Up-regulation of CTRP12 ameliorates hypoxia/re-oxygenation-induced cardiomyocyte injury by inhibiting apoptosis, oxidative stress, and inflammation via the enhancement of Nrf2 signaling

Abstract

C1q/TNF-related protein 12 (CTRP12) has been reported to play a key role in coronary artery disease. However, whether CTRP12 plays a role in the regulation of myocardial ischemia-reperfusion injury is not fully understood. The goals of this work were to assess the possible relationship between CTRP12 and myocardial ischemia-reperfusion injury. Here, we exposed cardiomyocytes to hypoxia/re-oxygenation (H/R) to establish an in vitro cardiomyocyte injury model of myocardial ischemia-reperfusion injury.
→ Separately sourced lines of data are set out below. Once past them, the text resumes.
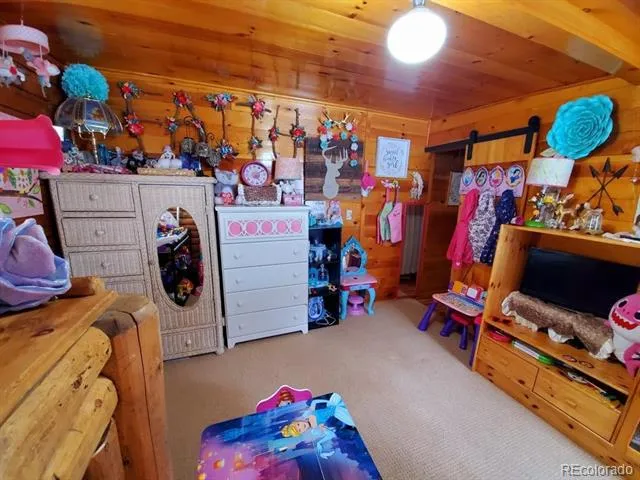 22585 County Road 292 Nathrop, CO 81236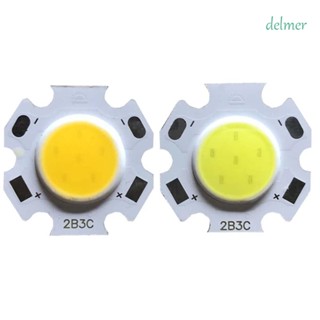 Delmer ไฟฉาย LED พลังงานสูง 3W 5W 7W 10W ชิป COB DIY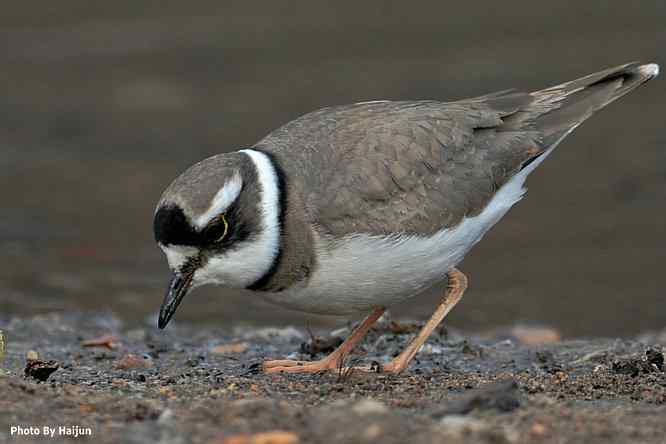 白河湾邂逅长嘴剑鸻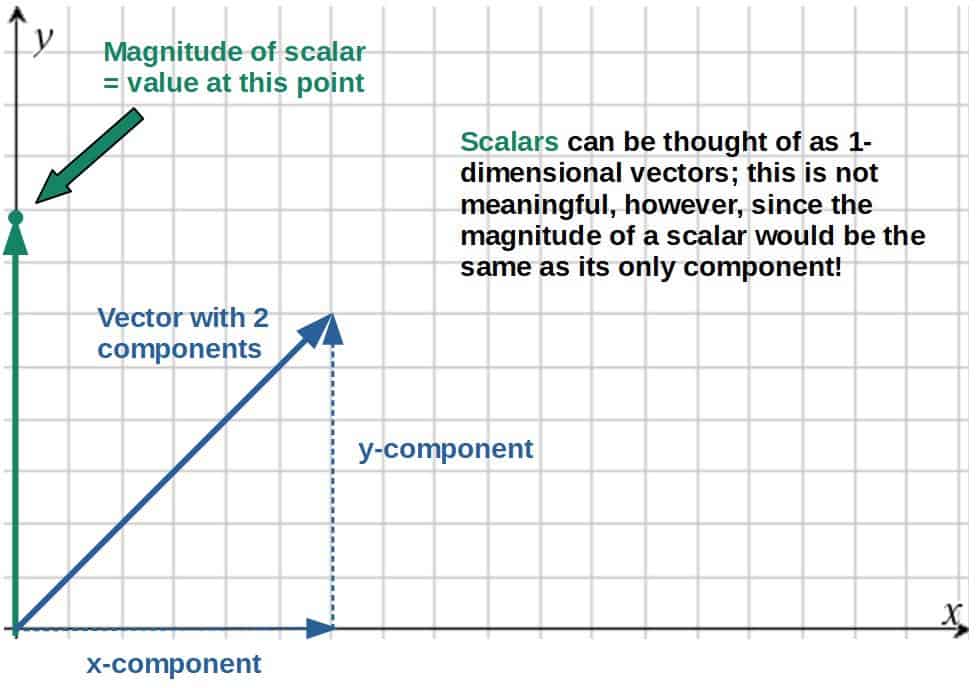 magnitude physics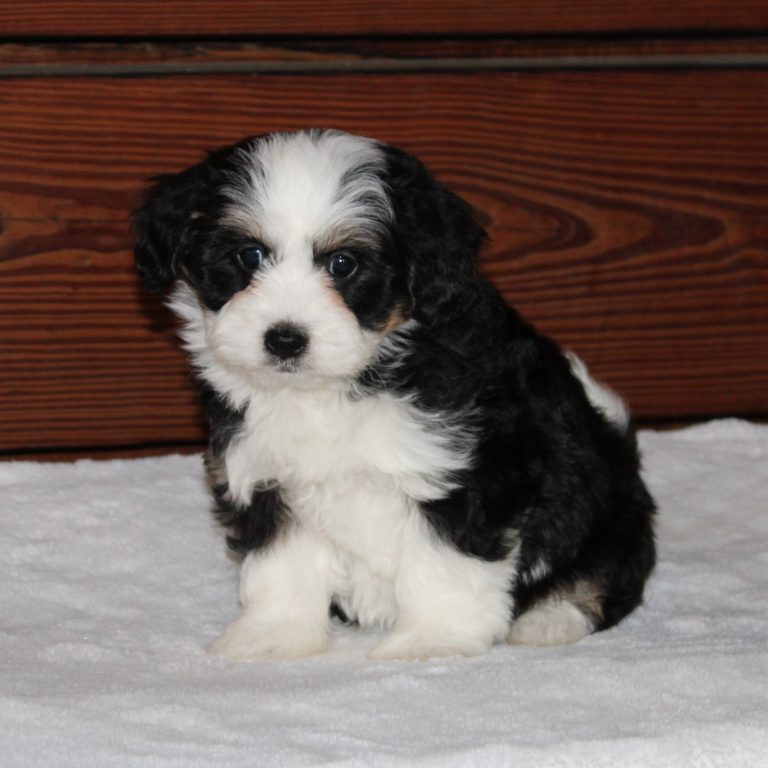 F1b Tiny micro-mini Bernedoodle female black tri-color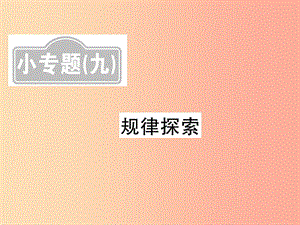 （新課標(biāo)）2019中考數(shù)學(xué)復(fù)習(xí) 小專題（九）規(guī)律探究（課后提升）課件.ppt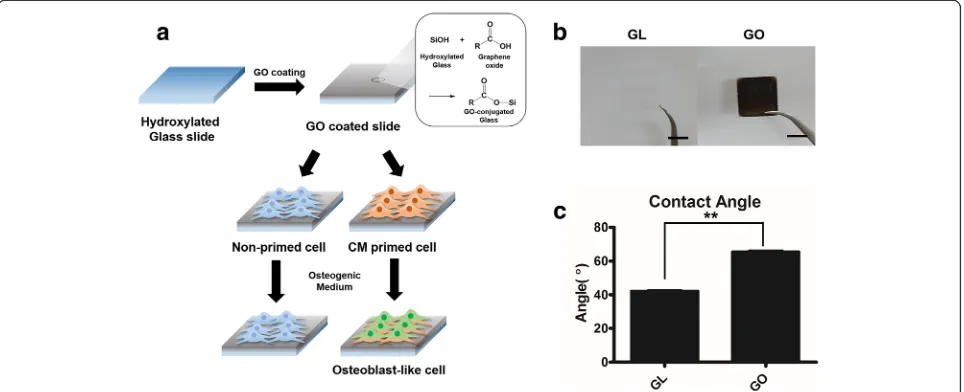 Fig. 1 a Overall scheme of designing in vitro study with GM/CM primed cell and glass/graphene oxide slide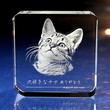 ペーパーウェイト｜クリアスクエア
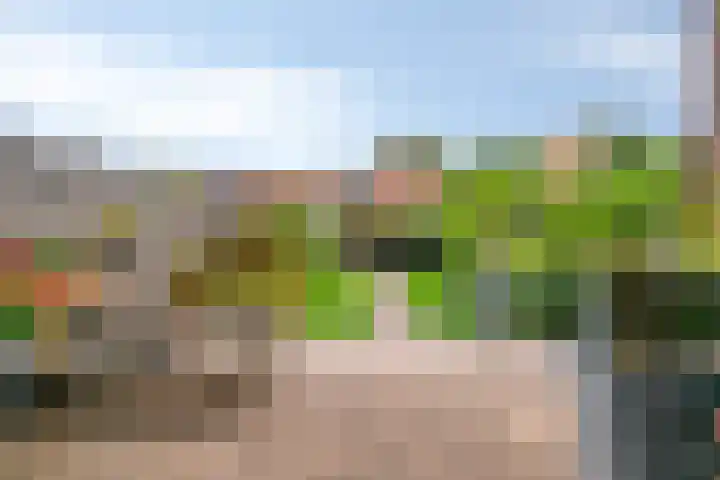 Bim van der Kleistraat 4 Oisterwijk thumbnail 25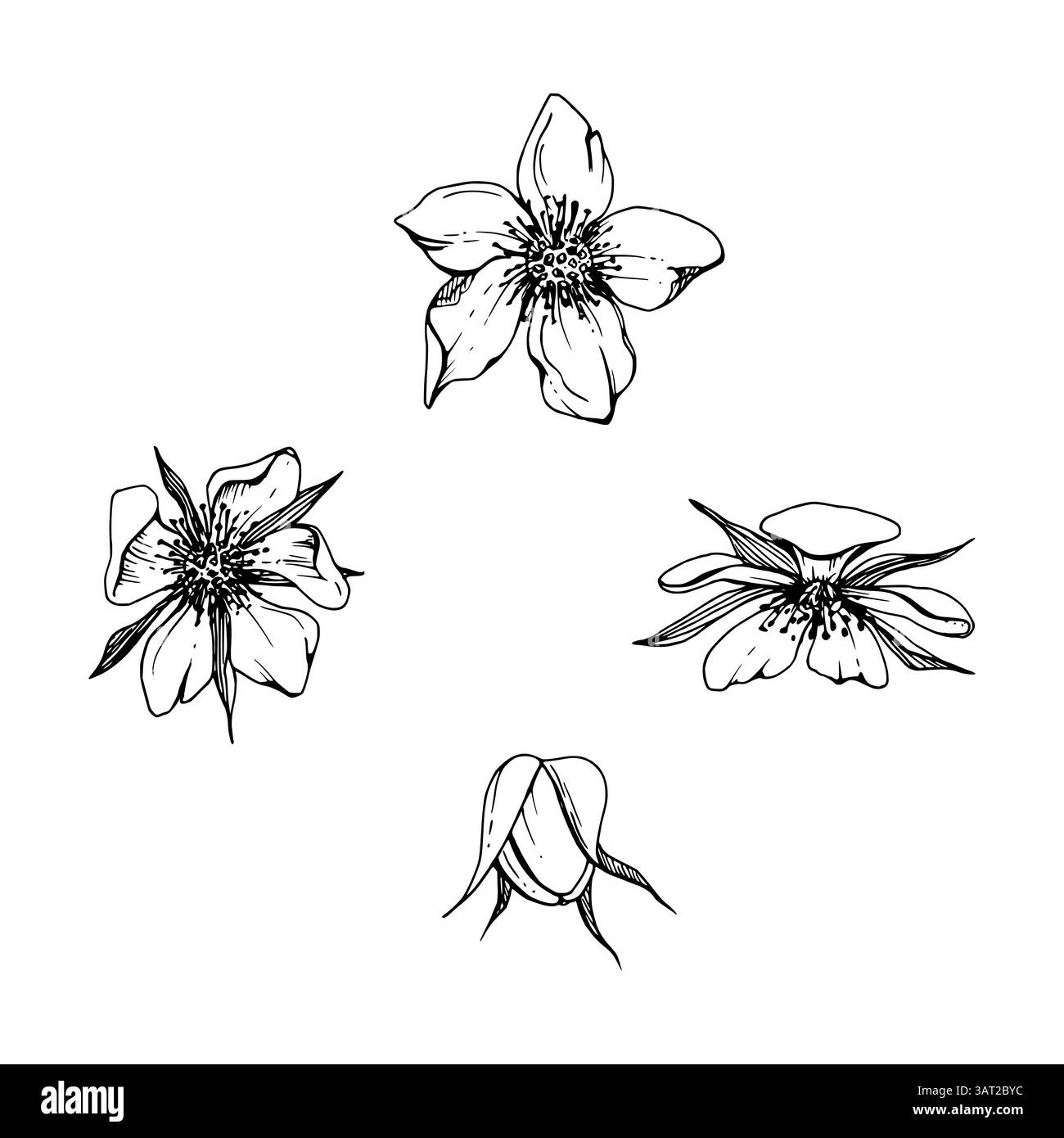 Bourgeons de fleurs printanières précoces, fleur de pomme sakura cerise, dessinée à la main dans l'encre vectorielle Marguerite d'anémone, plante de baies de buisson d'arbre. Objet unique isolé Illustration de Vecteur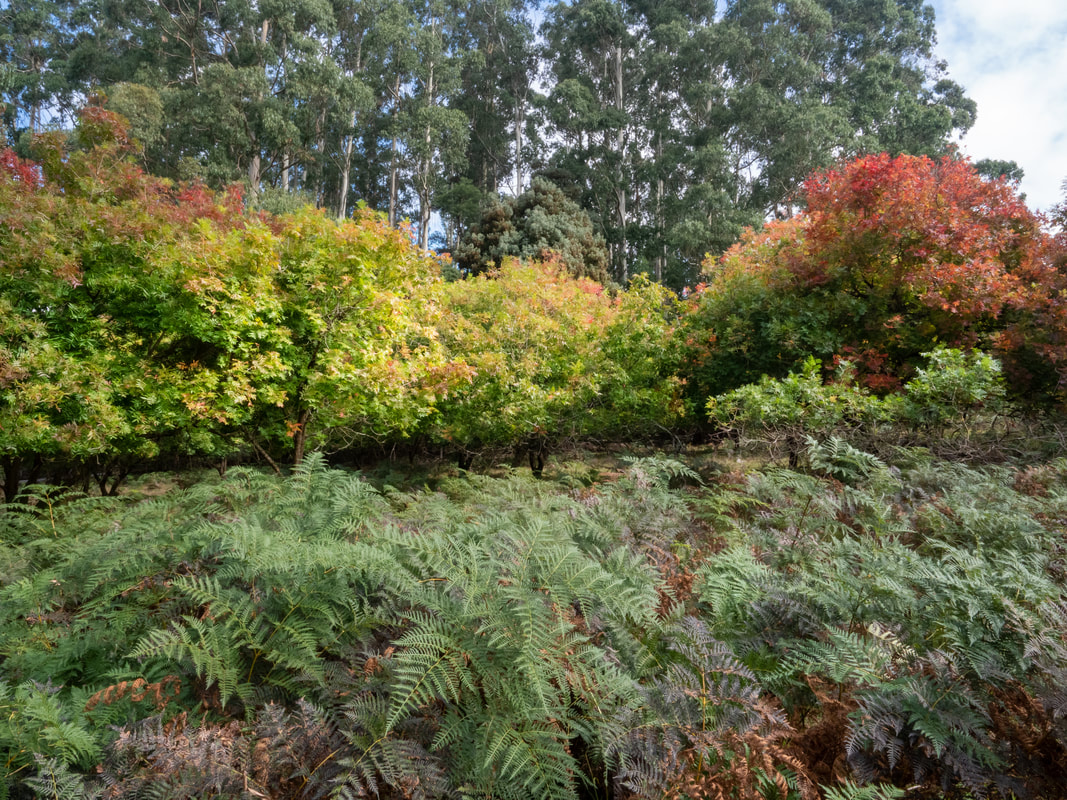 R.J Hamer Arboretum, Olinda, Victoria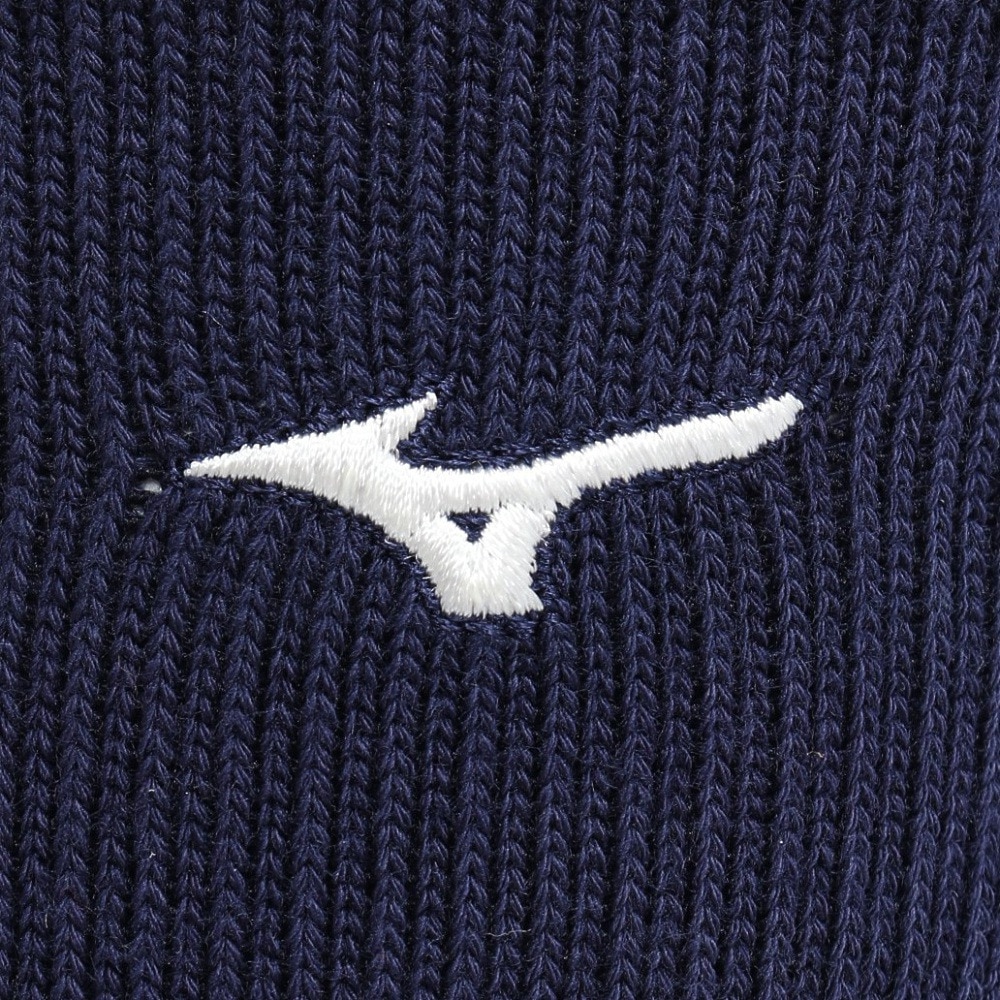 ミズノ（MIZUNO）（メンズ）ゴルフ 抗菌防臭 ハイパーイオンプラス レギュラー丈 ソックス E2JXA00214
Our results showed that H/R treatment resulted in a decrease in CTRP12 expression in cardiomyocytes. The up-regulation of CTRP12 ameliorated H/R-induced cardiomyocyte injury via the down-regulation of apoptosis, oxidative stress, and inflammation. In contrast, the knockdown of CTRP12 enhanced cardiomyocyte sensitivity to H/R-induced cardiomyocyte injury. Further investigation showed that CTRP12 enhanced the levels of nuclear Nrf2 and increased the expression of Nrf2 target genes in cardiomyocytes exposed to H/R. However, the inhibition of Nrf2 markedly diminished CTRP12-overexpression-mediated cardioprotective effects against H/R injury. Overall, these data indicate that CTRP12 protects against H/R-induced cardiomyocyte injury by inhibiting apoptosis, oxidative stress, and inflammation via the enhancement of Nrf2 signaling. This work suggests a potential role of CTRP12 in myocardial ischemia-reperfusion injury and proposes it as an attractive target for cardioprotection.